È questo il motivo alla base dell’atto di citazione depositato al Tribunale di Tivoli con cui ora i legali del raggruppamento d’imprese avanzano una richiesta di risarcimenti complessivi per euro 6.209.439,17 e chiamano in causa l’attuale sindaco invitandolo a comparite nell’udienza già fissata a gennaio 2023. Una vicenda ultraventennale consumata tra spese mai onorate per opere di urbanizzazione, servitù di passaggio, permute creative, varianti urbanistiche e vendite azzardate che vale la pena, sommariamente, di ripercorrere dal principio.
Il Piano d’insediamento produttivo
Tutto inizia con la delibera (la numero 68) del 2 settembre 1998 con la quale il consiglio comunale adotta il Piano d’insediamento produttivo Pip/2 Tavernelle. Il 10 marzo del 2001 il Pip viene approvato dalla Regione Lazio (delibera della giunta regionale numero 7); con la delibera (ancora) di consiglio comunale (la numero 64) del 4 febbraio 2001 viene adottata la dichiarazione di pubblica utilità propedeutica agli espropri che attua il procedimento ad evidenza pubblica per la vendita dei lotti i quali, però, nonostante ripetuti interpelli e più avvisi di gara, non verranno tutti assegnati. Nel frattempo, la procedura espropriativa si interrompe per riprendere nel 2007. Solo con determina dirigenziale numero 10 del 16 aprile 2007 viene approvato dal Comune il frazionamento dei lotti e, con la determina 257 del 19 giugno 2007, è stabilita l’indennità di esproprio.

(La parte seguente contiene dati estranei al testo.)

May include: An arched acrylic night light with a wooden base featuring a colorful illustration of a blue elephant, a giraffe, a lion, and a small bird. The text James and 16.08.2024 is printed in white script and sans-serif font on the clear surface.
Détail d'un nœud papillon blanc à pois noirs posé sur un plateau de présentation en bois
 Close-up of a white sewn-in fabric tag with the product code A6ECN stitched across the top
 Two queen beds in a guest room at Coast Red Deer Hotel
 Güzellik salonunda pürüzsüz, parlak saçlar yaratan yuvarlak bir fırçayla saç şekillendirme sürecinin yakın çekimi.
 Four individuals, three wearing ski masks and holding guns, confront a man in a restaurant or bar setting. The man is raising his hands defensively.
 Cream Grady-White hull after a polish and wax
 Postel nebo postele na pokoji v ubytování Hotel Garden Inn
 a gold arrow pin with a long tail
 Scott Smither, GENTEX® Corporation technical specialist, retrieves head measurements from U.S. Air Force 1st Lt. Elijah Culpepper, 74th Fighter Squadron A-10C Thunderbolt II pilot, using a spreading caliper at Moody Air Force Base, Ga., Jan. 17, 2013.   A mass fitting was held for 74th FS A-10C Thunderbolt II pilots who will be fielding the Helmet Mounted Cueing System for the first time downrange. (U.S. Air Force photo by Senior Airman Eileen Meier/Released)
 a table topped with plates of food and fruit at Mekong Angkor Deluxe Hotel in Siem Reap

Il Comune, quindi, procedeva al decreto di esproprio del 9 novembre 2009 fissandone il prezzo a euro 10.505.007, somme che venivano pagate dal Consorzio. Per gestire l’assegnazione dei lotti, il 9 aprile del 2009, veniva inoltre sottoscritta la convenzione, nella quale il Comune tratteneva per sé la proprietà di 4 lotti al fine di favorire insediamenti di pubblica utilità. Tre di questi, sotto la responsabilità della giunta grillina, nel 2021 venivano però ceduti con una licitazione privata alla società scudata Kryalos, con l’obiettivo di ricavarne profitto anche grazie a un cambio di destinazione d’uso delle aree che ne moltiplicava il valore. Non è finita qui. Perché un’altra vicenda, negli anni, ha incrociato il lungo iter delle procedure legate alla nascita del Pip, in quanto gli espropriati, su tutti gli eredi del Fante, contestavano da subito le incongrue indennità espropriative decise nel 2007 dalla giunta comunale rivolgendosi al giudice.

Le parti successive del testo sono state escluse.